Articles about gender appear in the news almost on a daily basis. In the past, the term gender referred exclusively to women and women’s issues. Now the term more accurately describes the different life experiences of boys and girls, men and women.
Many of the pressing challenges facing governments in the Region have gender dimensions. These include economic growth, job creation, environmental stewardship, disaster risk management, energy conservation, aging populations, human security and crime.
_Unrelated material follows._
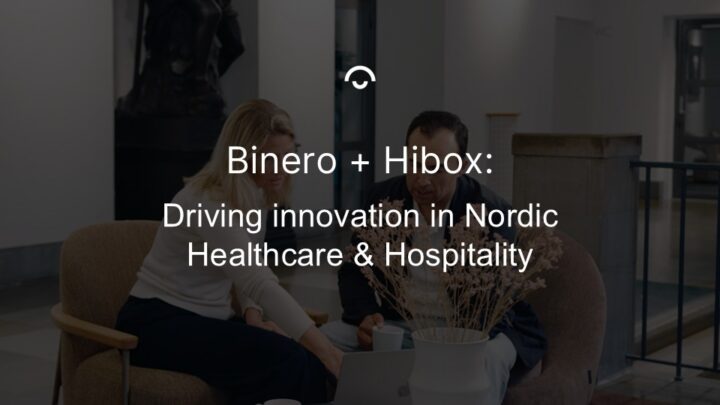Binero + Hibox driving innovation in Nordic healthcare and hospitality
Gender issues are indeed relevant. A CARICOM report notes, “even though women are more likely to outlive men, at older ages they are less likely to have access to the resources for an improved quality of life”. A recent survey of living conditions in Barbados noted “it is now widely recognized that poverty is gendered because males and females become poor through different processes and that they experience and are affected by poverty differently.” Finally, young women and young men dropout of school for different reasons—women due to pregnancy and boys due to under-achievement, pressure to work, or boredom—therefore strategies to address the problem must be different.
Gathering evidence on the different causes of poverty among elderly men and women, and the causes of unemployment among young women and young men— and involving them in decision-making processes—will enable public sector leaders to develop and implement more cost-effective programs.
Better understanding of gender relations and dynamics will lead to better results that meet the needs of all citizens. Therefore, public sector leaders can – and should – play an important role in raising awareness of gender equality issues.